Key Experimental Results¶
Main Results¶
| Dataset | Method | Accuracy (%) | AUC (%) |
|---|---|---|---|
| Liver CT | NN-based (multi-view) | 75.45 | 89.09 |
| Attention-based | 73.41 | 88.53 | |
| GIIM | 78.20 | 91.05 | |
| VinDr-Mammo | NN-based | 67.48 | 82.21 |
| Attention-based | 68.09 | 81.00 | |
| GIIM | 71.17 | 82.54 | |
| BreastDM (MRI) | NN-based | 80.85 | 87.35 |
| Attention-based | 85.10 | 76.37 | |
| GIIM | 87.23 | 89.02 |
Multi-view vs. single-view: approximately +12% accuracy on Liver CT and +7.8% on Mammography.
Ablation Study¶
Missing-view strategy comparison (Liver, 100% missing-view test)
| Strategy | 100% miss-view | Full-view |
|---|---|---|
| NN-based | 70.00 | 75.45 |
| GIIM (Constant) | 72.27 | 78.20 |
| GIIM (Learnable) | 72.05 | 77.05 |
| GIIM (RAG) | 71.59 | 78.41 |
| GIIM (Covariance) | 72.05 | 78.18 |
Edge type ablation: Removing any of the four edge types leads to performance degradation; \(E_{intra}\) (same lesion across phases) has the largest impact.
Key Findings¶
- Zero-vector imputation is the most stable under missing-view testing (serving as a unique "missing indicator" that trains the model to rely on other views), while RAG/Covariance imputation performs better on complete data.

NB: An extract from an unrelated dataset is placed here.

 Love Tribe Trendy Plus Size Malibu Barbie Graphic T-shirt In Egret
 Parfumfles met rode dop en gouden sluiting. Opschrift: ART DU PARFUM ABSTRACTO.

- Multi-view consistency yields the greatest gains on Liver CT (4-phase CT with significant enhancement pattern changes across phases for the same lesion).
- For BI-RADS classification, mean pooling is adopted instead of per-lesion graph construction due to the uncertain correspondence between CC and MLO view lesions.
Highlights & Insights¶
- The four-type edge design comprehensively covers the relational reasoning patterns employed by clinical radiologists, offering greater interpretability than simple attention decomposition.
- The practical trade-off finding for missing-view strategies is actionable: generative imputation performs better on complete data, while zero-vector imputation is more robust under missing-view conditions.
- The heterogeneous message-passing aggregation scheme — aggregating separately from single-view and multi-view neighbors — prevents information loss due to edge-type conflation.
- The flexibility of GNNs allows the framework to handle an arbitrary number of lesions and views, outperforming CNN/Transformer architectures that require fixed-size inputs.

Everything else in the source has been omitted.